Liwewe’s words, which summed up the passionate feelings of most Zambians, certainly set the scene for the nail-biting match, with the overwhelming majority of non-Zambian fans willing the Chipolopolo to win, as they clearly showed their dislike of the Ivorians. Having more than matched the supposedly superior Ivorian team throughout the 120 minutes of play, Zambia’s growth in mental strength was evident when it came down to the penalty shootout.
With the Chipolopolo conceding just three goals en route to the final and Ivory Coast none, the game, undoubtedly the most exciting match of the entire tournament, did not fail to provide drama, which kept everyone on edge until the very end.
The triumph of the Chipolopolo saw a nation erupt into joyous celebrations, as never seen before.
President Michael Sata, who rewarded each player with $59,000 on their return to Lusaka, had sent a high-powered delegation, which included founding president Dr Kenneth Kaunda, Rupiah Banda, Sata’s predecessor, and Guy Scott, the incumbent vice-president, to witness the final.
Kaunda, an avid football fan (who had his initials form the previous moniker of the national team, then known as the KK11), was joyous on seeing the Chipolopolo win the title for the first time.
“This is an amazing experience and we can only thank God for this joyous moment. The people of Zambia have been honoured and we have to be grateful to the creator for this victory,” he said.
“I am happy the boys did it in style, in memory of the late colleagues and the next step is the World Cup,” former president Banda added.
Both men were present at the luncheon that President Sata and his wife hosted for the victorious team at State House. “You have really honoured your departed colleagues who perished during the course of national duty off the coast of Gabon. To the coaches, team management, Football Association of Zambia executive and everybody involved, I say it is a job well done,” Sata said. “You went with admirable humility and competed with heart, unity and patriotism… The result of your hard work is the trophy which you have brought to your motherland for the first time.
“This gesture was meant to demonstrate to you and the entire nation how much importance we attach to football and how this sport unifies our country,” he said. “Indeed, you have demonstrated once again that nothing beats unity and hope and it is my desire that you will continue with this spirit as you pursue even greater success.”
Financial rewards for the players will not just be coming from the government, as mobile telecommunications company MTN Zambia pledged $200,000 and Zambian Breweries gave a $40,000 reward. Other corporate organisations, keen to bask in the reflected glory of the Nations Cup triumph, are expected to join the victory bandwagon.
FAZ president Bwalya is already looking beyond the euphoria of victory, as he says that qualifying for the 2014 World Cup finals in Brazil, which would be another footballing first for the country, is a priority.
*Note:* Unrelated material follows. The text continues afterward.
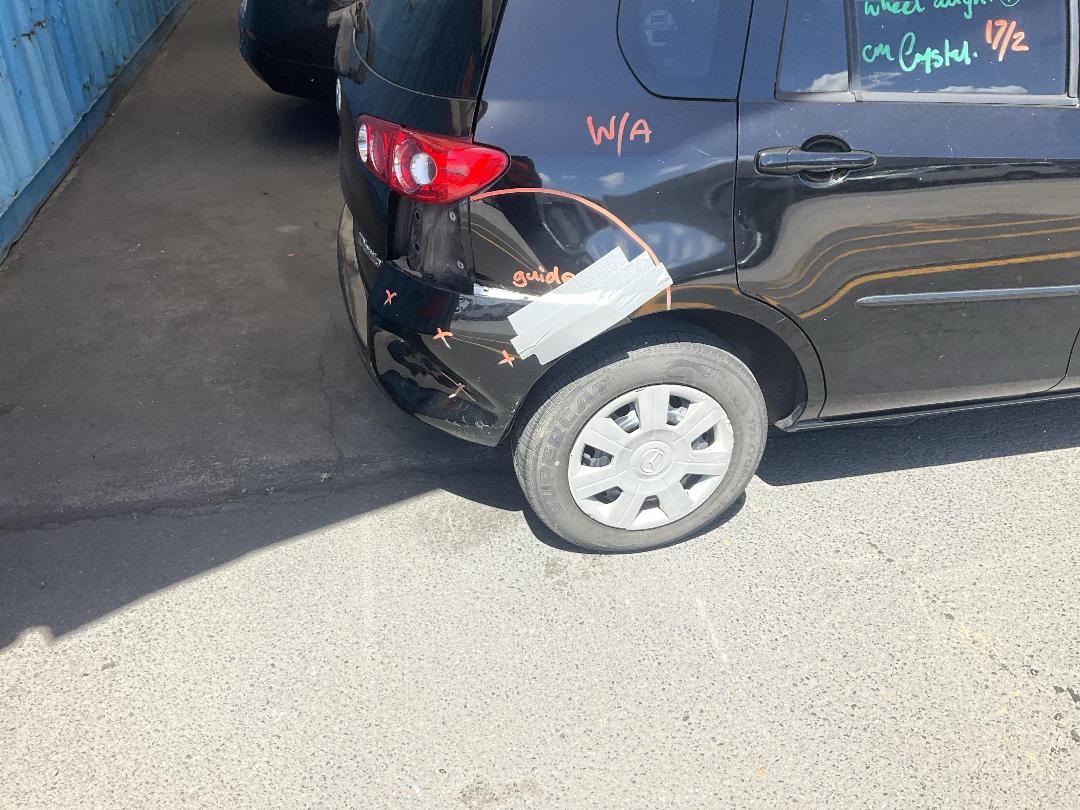 Photo '14' of Mazda Demio Photo '14' of Mazda Demio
“This is certainly the best team that Zambia has produced in the 30 years that I have been associated with the national team,” Bwalya commented shortly after the final. “The courage and determination that the players showed throughout the tournament was incredible and I salute them.”
With Renard’s success with the Chipolopolo firmly putting him in the frame of national teams and clubs looking for an inspiring figure to transform their football, the Frenchman will certainly be tempted by lucrative offers to move elsewhere. And as his move to Angola, after his first stint with Zambia ended in 2010, indicates, he is not averse to the lure of more money.
But Renard has promised that he will stay with his team and consolidate on the gains of the Nations Cup victory: “I have been asked a lot of questions about that [returning to Ghana, where he was assistant coach in 2008]. I don’t think it would be fair to leave Zambia… I have to stay with them; we have to stay within the family and to continue our work.”
It is certainly the desire of a grateful nation, which hopes the victory in Gabon is just the beginning of a new chapter in the annals of the Chipolopolo, in which the February 12th triumph is the start of a lengthy, glorious era.